2019 BMW Vision M NEXT

BMW: “We have a Vision…” That ‘VISION’ is the ‘M Next’, a concept that will become the production successor to the i8.


If you’re old enough to have a beard that’s grown Gandalf long, you might well stroke it fondly as you recall the heady days of the late 1970s, back when BMW’s performance aspirations were spearheaded by the brand’s first-ever mid-engined supercar, the BMW M1 E26. Born in 1978 from the pen of legendary Italian designer Giugiaro, the production M1 E26 elevated BMW to a position of absolute performance superiority over its German rivals.


BMW Vision M NEXT

2019 BMW Vision M NEXT

The car was powered by a 3.5-litre inline six, good for a then-impressive 286BHP (204kW) and 0-62mph (0-100km/h) in 5.3 seconds. But if the above profile fits your description, then you likely went from stroking that beard to tearing it out hair by painful hair when you heard in 2014 that BMW was launching a spiritual successor to the M1 E26 – the plug-in hybrid BMW i8. What sort of evil sorcery was this? An M1 successor that, with 266kW, produced not much more power than a car from 36 years ago, and at 4.4 seconds to 0-62mph (100km/h), wasn’t even that much faster?

An electric motor at each axle joins the power party; part of a three-prong attack that produces a total of 441kW

Granted, the BMW i8 was a technological powerhouse, debuting the brand’s carbonfibre chassis manufacturing capabilities, as well as acting as a flag bearer for plug-in hybrid performance. But it left plenty wondering whether BMW had burdened a masterful chassis with an advanced but insufficiently muscular powertrain in the pursuit of headline fuel-economy numbers.

Now we bring you the good news, because we’ve seen the i8’s replacement; the Vision M Next concept. The eagle-eyed among you might have already noticed that, design-wise, it riffs on the themes established by the i8. But in the power department, the two are worlds apart. The Vision M Next produces almost double the power of its i8 forebear, with a turbocharged 2.0-litre engine feeding its power to a pair of 22-inch rear wheels. An electric motor at each axle joins the power party; part of a three-prong attack that produces a total of 441kW. That’s enough, BMW says, to dispatch 0-100km/h in 3.0 seconds.
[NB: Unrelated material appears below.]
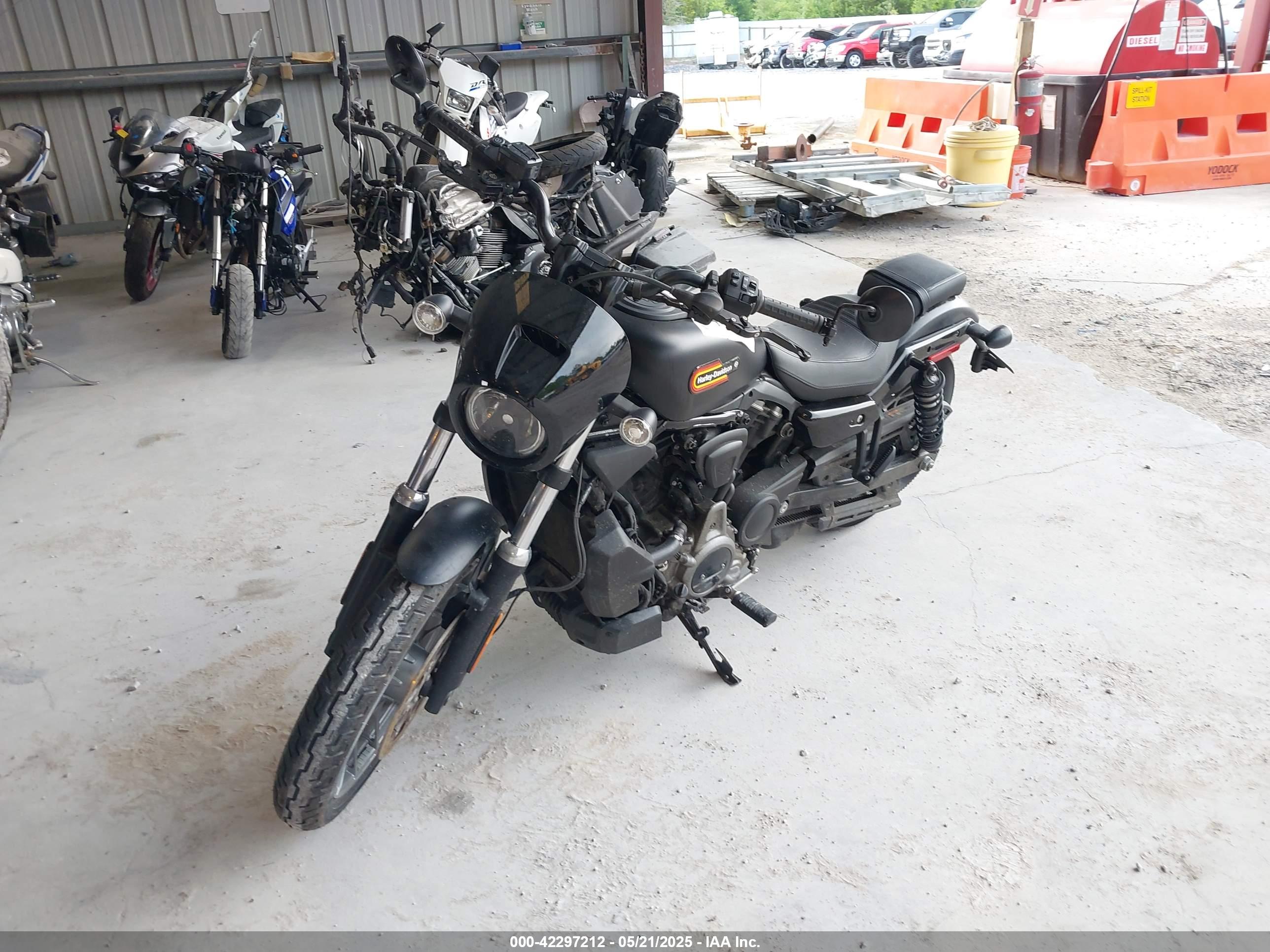 HARLEY-DAVIDSON RH975 image 2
Top speed is a claimed 186MPH (300km/h) and, thanks to its on-board (but of an as-yet undisclosed size) battery pack, it will have a range of 62miles (100km) in pure EV mode.
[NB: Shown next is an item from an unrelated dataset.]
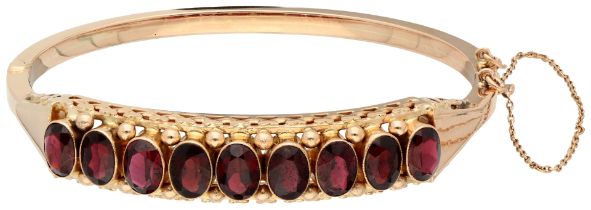 No Reserve - 14K Rose gold bangle bracelet set with garnet.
Details remain a little thin on the ground, but we understand the M Next borrows the basis of the carbonfibre monocoque from the i8, marrying that performance-focused chassis with the best of the company’s electric and internal combustion technology. There’s even more carbonfibre employed in the body, including the side skirts and the rear diffuser surrounds, which helps keep the kerb weight down to a claimed sub-1700kg.

A concept in name only (BMW has heavily hinted that a production version is coming), the Next doubles as an effective replacement for the i8, for which BMW has confirmed there will be no direct successor. But it’s also a preview of M performance to come, and opens a window into how the brand’s performance arm will handle the rise of autonomous technology in vehicles that are, at their core, designed around a human driver.

The M Next will offer both, with a new EASE drive mode that deploys the car’s autonomous functions, with its giant electronic brain capable of handling the boring stuff, like commuting or traffic. But of course when the opportunity presents, the driver can engage BOOST mode and take full control. A third mode, labelled BOOST+, squeezes maximum power from all three power sources, but will also surely drain the battery faster that whipping the plug out of a bathtub. So it’s a worthy successor to the M1.

And it even looks the part, with a three-piece rear window louvre aping the original, and roundels taken from that 1970s’ model stamped into each rear taillight.

But perhaps the biggest nod to BMW’s halo model of yore lies not in what you can see, but in what you can’t, and that is the performance to live up to its supercar heritage.


{module BMW-Vision}

Vision M Next follows the design ethos of BMW’s i8, but promises a hefty doubling of outputs when it arrives sometime in 2022 / Exterior may point to how the production car will look, but the interior? Not so much.


Did you know?

Our image doesn’t show it, but Vision M Next concept debuts ‘laser wire’ headlamps, which feature glass fibres coated with phosphorous to produce ultra-bright light in a compact layout. Facial recognition technology is used to unlock the car, and an augmented reality head-up display is integrated into the windscreen. BMW insists it’s all technology that’s being prepped for production.